In the early stages, single water nanodroplets and single oil nanodroplets were first detected electrochemically by blocking the electrode area via adsorption of the droplet in the presence of redox species in the organic phase [39,40]. This method is a powerful tool for investigating liquid nanodroplets that do not contain redox species. However, these methods, which are based on the blockage of the electrode surface, cannot be used to obtain precise information about single droplets. For droplets of the same size, blockage of the amperometric current can differ depending on the shape of the droplet adsorbed on the electrode surface. In the presence of redox species in the droplets, a comparable electrochemical detection method is also suggested that uses the electrolysis reaction within the droplet [22,33,34]. In general, however, aqueous droplets in organic media seldom contain redox species inside them. Organic solvents may contain either water molecules or a hydrophobic/hydrophilic electrolyte (non-redox active) because the water content in such systems is mostly coming from humidity in the air and electrolytes are pre-dissolved in an organic solvent. As a simplified droplet detection system, water molecules are considered to be redox species that can be directly electrolyzed. In a previous study, we reported the direct electrolysis of water molecules in water nanodroplets in the absence of surfactants and lipophilic electrolytes [21].

However, only 0.81% of the water content in the surfactant-free water droplets was electrolyzed because the electrochemical conditions in the nanodroplets were not properly prepared. In the presence of a surfactant, the electrochemistry can be partially blocked by the surfactant, which can hinder charge (electron and ion) transfer at the water/metal and water/oil interfaces. Furthermore, in the absence of hydrophobic electrolytes in the organic phase, oxidation of water (water splitting) molecules in the emulsion was not observed.

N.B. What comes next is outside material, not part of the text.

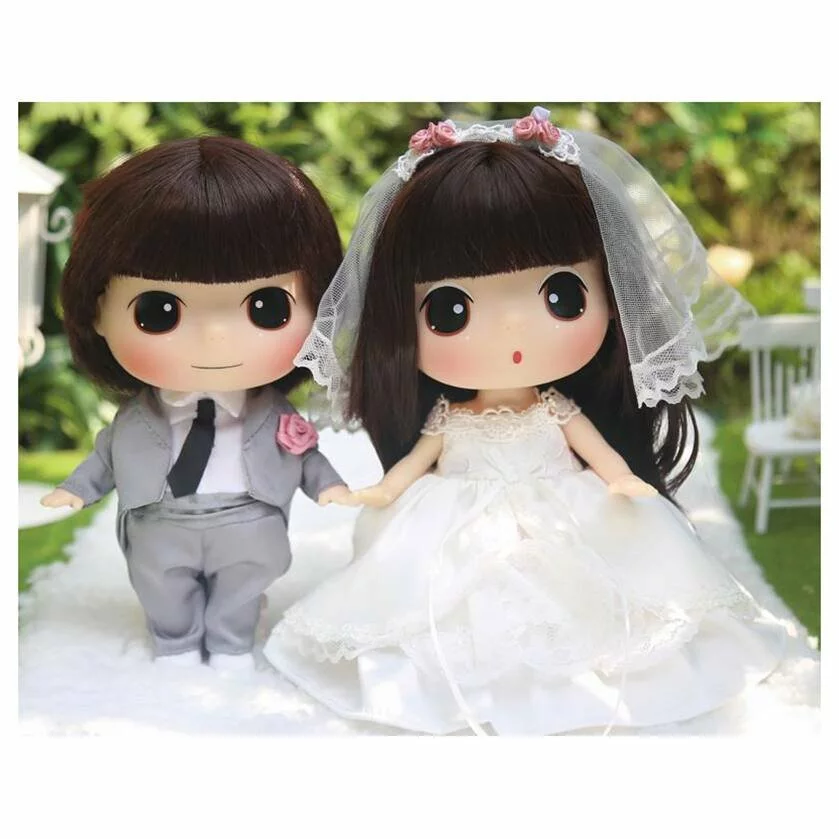 SIDJ POUPEES DDUNG 18 CM - LES MARIES 2 SIDJ POUPEES DDUNG 18 CM - LES MARIES – Image 2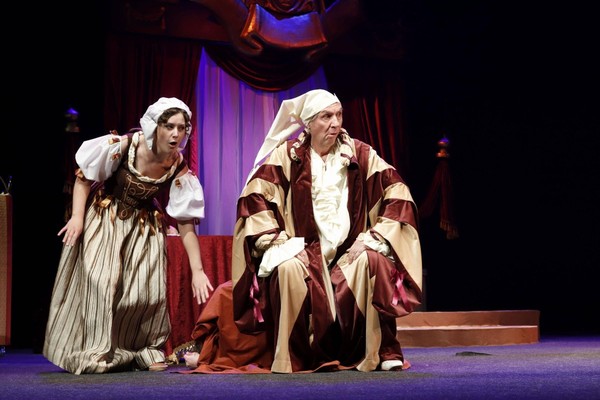 Спектакль «Единственный наследник»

Herein, we report the sensitive electrochemical detection of water-in-oil emulsion droplets using the highly efficient oxidation of water molecules in a droplet. Surfactant-protected emulsion droplet dispersed in DCE solvent is investigated electrochemically based on the water oxidation (water splitting) reaction upon the collisional contact of the droplet on an electrode surface. The importance of a supporting electrolyte outside a single droplet in nanodroplet electrochemistry has been previously reported [20,34].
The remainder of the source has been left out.